If reason and passion and arguments for critters and people cannot sway a political machine hell-bent on delivering crude at any cost, then what justification is there for not plugging our own backyard refuges? Why not tap the HD mountains for coal-bed methane? Why not rattle the s-t out of Canyon Country looking for gas?
Why not say to hell with local opinion and road the b'jesus out of places like Roan Plateau or Otero Mesa in search of black gold, Texas tea? Why not auction off to the highest energy bid our public lands currently considered by Congress for wilderness designation? Why not support a pump-jack for every 1-, 10-, or 100-acre farm?
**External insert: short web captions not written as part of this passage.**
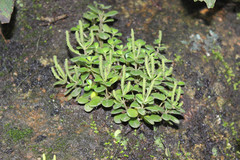 Peperomia tetraphylla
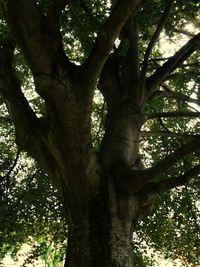 Low angle view of tree in forest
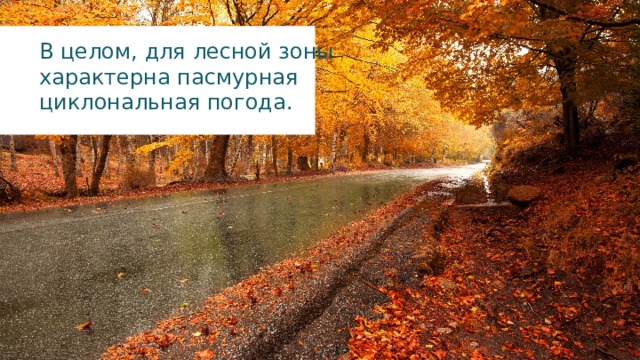 В целом, для лесной зоны характерна пасмурная циклональная погода. 
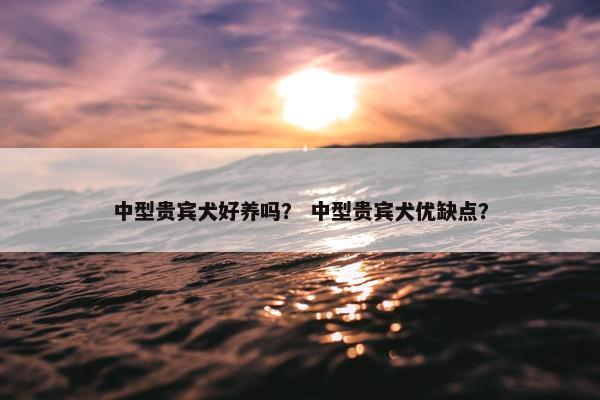 中型贵宾犬好养吗？ 中型贵宾犬优缺点？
If the Arctic National Wildlife Refuge is not off limits, nothing is.
In Seattle, on that overcast, humid day, I couldn't help but think of our Southwest. Of turkey hunting south of Pagosa. Of stumbling across petroglyphs in eastern Utah. Of napping in aspen groves beyond the clamor of civilization. Of solitary hikes over rough, sparse, and utterly silent landscapes. Of a sign off Highway 160 that opined that it's better to see a cow than a condo. Of these refuges akin to rooms in my home, and of the fate of the Arctic. Suddenly, that coastal plain didn't seem so far away.
In A Sand County Almanac, Aldo Leopold said, "Having to squeeze the last drop of utility out of the land has the same desperate finality as having to chop up the furniture to keep warm."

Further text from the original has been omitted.